Sospirai. Tutta la gioia provata fino a pochi istanti prima, mi aveva abbandonato in una volta sola.

E come se non fosse abbastanza, quando cinque minuti dopo arrivammo davanti al ristorante...

- È chiuso. -

Commentai seccamente.

- Ma... Non può essere. - Replicò Zoey, aggrottando la fronte perplessa. - Lì dice chiaramente che apre tutti i giorni a mezzogiorno in punto! -

- Magari si sono presi dei giorni di ferie. -

- Potrebbe essere, ma è comunque molto strano. In casi del genere, non bisognerebbe mettere un cartello in cui si indica fino a che giorno rimarrà chiuso? O anche semplicemente che per un certo periodo non si rispetteranno gli orari regolari o una cosa del genere? -

Alzai le spalle, non sapevo proprio che dire. Tuttavia, dentro di me non potei fare a meno di tirare un sospiro di sollievo. In quel momento mettermi a investigare con lei era proprio l'ultimo dei miei desideri. Era da quel lunedì che non facevo altro che pensare a chi potesse essere dei dieci sospettati. Solo da lunedì. Era quasi impossibile riuscire a credere che tutta quella storia fosse iniziata solo cinque giorni prima, erano successe tante di quelle cose che avrebbe potuto essere anche un mese.
E invece non era passata neanche una settimana.

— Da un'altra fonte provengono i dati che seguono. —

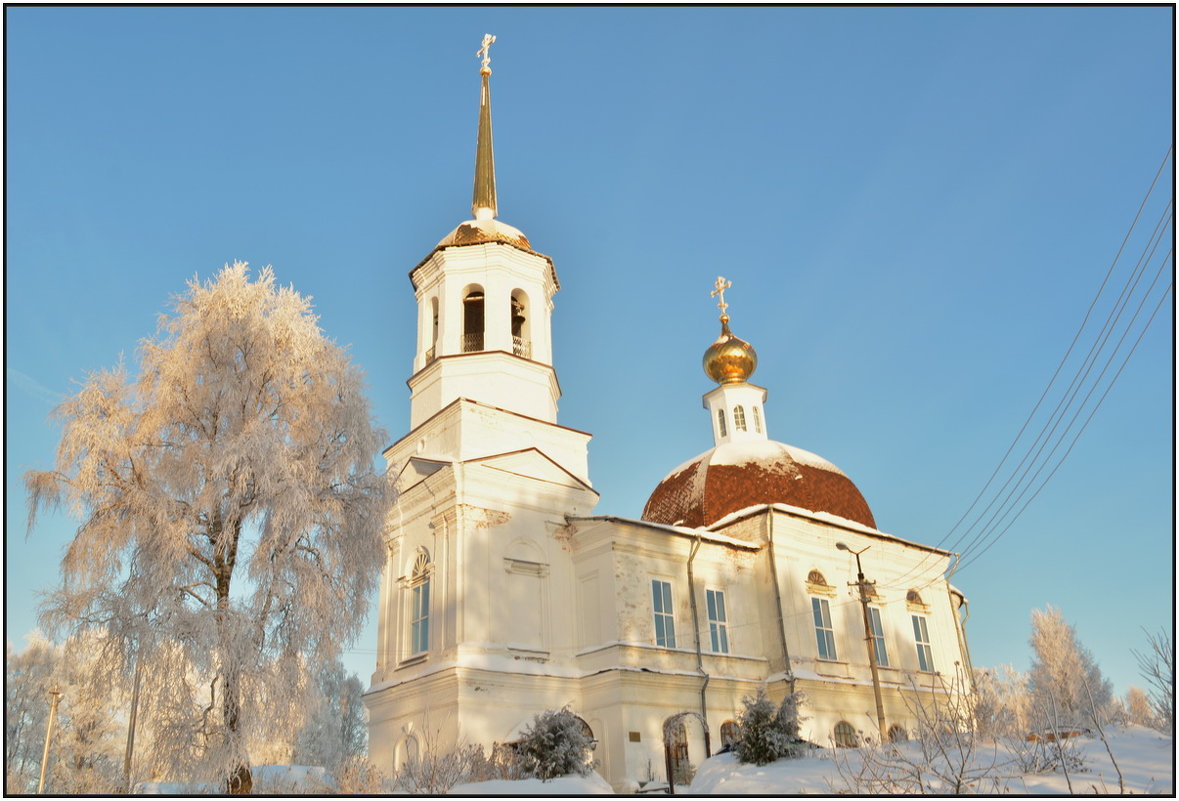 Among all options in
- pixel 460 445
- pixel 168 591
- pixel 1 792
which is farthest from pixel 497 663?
pixel 1 792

- Allora cosa facciamo? Ognuno per la sua strada e se ne riparla lunedì a scuola? -

Zoey assottigliò lo sguardo, persa nei suoi pensieri. Forse si stava chiedendo quante fossero le possibilità che, andando a bussare direttamente alla porta di Abigail, lei ci facesse entrare senza fare storie, piuttosto che cacciarci fuori a calci nel sedere.

Ma non ebbe modo di elaborare alcun piano, che sentimmo il suono di una sirena. O meglio, due sirene. Presto ci sfrecciò davanti un'ambulanza, subito seguita da un'auto della polizia. Entrambe le vetture erano dirette nella stessa direzione.

Zoey balzò sull'attenti, tenendo lo sguardo fisso nella direzione in cui si stavano dirigendo. Quasi riuscivo a sentire il rumore delle rotelline che nella sua testa si erano appena messe a girare.

- Andiamo. -

Annunciò subito dopo, iniziando a correre e trascinandomi con lei, ignorando ogni mia protesta.

Mi chiesi perché diamine lo stesse facendo. Solo perchè non potevamo investigare su Abigail, aveva pensato di intromettersi in qualche altro caso?
Mano a mano che ci avvicinavamo, però, usando il suono delle sirene e le indicazioni dei passanti per non perdere le tracce dei due veicoli, divenne sempre più chiaro dove ci stavamo dirigendo.

Quasi mi presi un colpo nel momento in cui mi ritrovai davanti all'ingresso della mia scuola.

Ambulanza e auto della polizia erano parcheggiate lì fuori.
Subito Zoey entrò e io la seguii dopo giusto un attimo di tentennamento.

Nonostante di sabato non ci fossero lezioni, la scuola non era deserta, dato che alcuni ragazzi si riunivano lì anche nei giorni liberi, per allenarsi nelle attività dei loro club o studiare in biblioteca.

Per i corridoi incrociai Gwendolyn.
Fui sorpreso di vederla lì, dato che non frequentava nessun club ed era solita passare i giorni liberi in casa, ma al momento non ci pensai più di tanto e al contrario corsi subito da lei, sollevato di vedere un volto conosciuto.

- Gwen! - Esclamai, raggiungendola. - Cos'è successo? -

La corvina si voltò verso di me, guardandomi sorpresa. Allo stesso modo in cui io avevo deciso di non farmi domande sulla sua presenza lì, però, alla fine anche lei scosse il capo, forse decidendo di rimandare la questione ad un altro momento.

- È morta una persona. Una studentessa. - Mi disse, senza giri di parole. - Credo si tratti di Mitchell. -

Sbarrai gli occhi dallo sconcerto.
Fu così che la lista dei sospettati si ridusse a nove.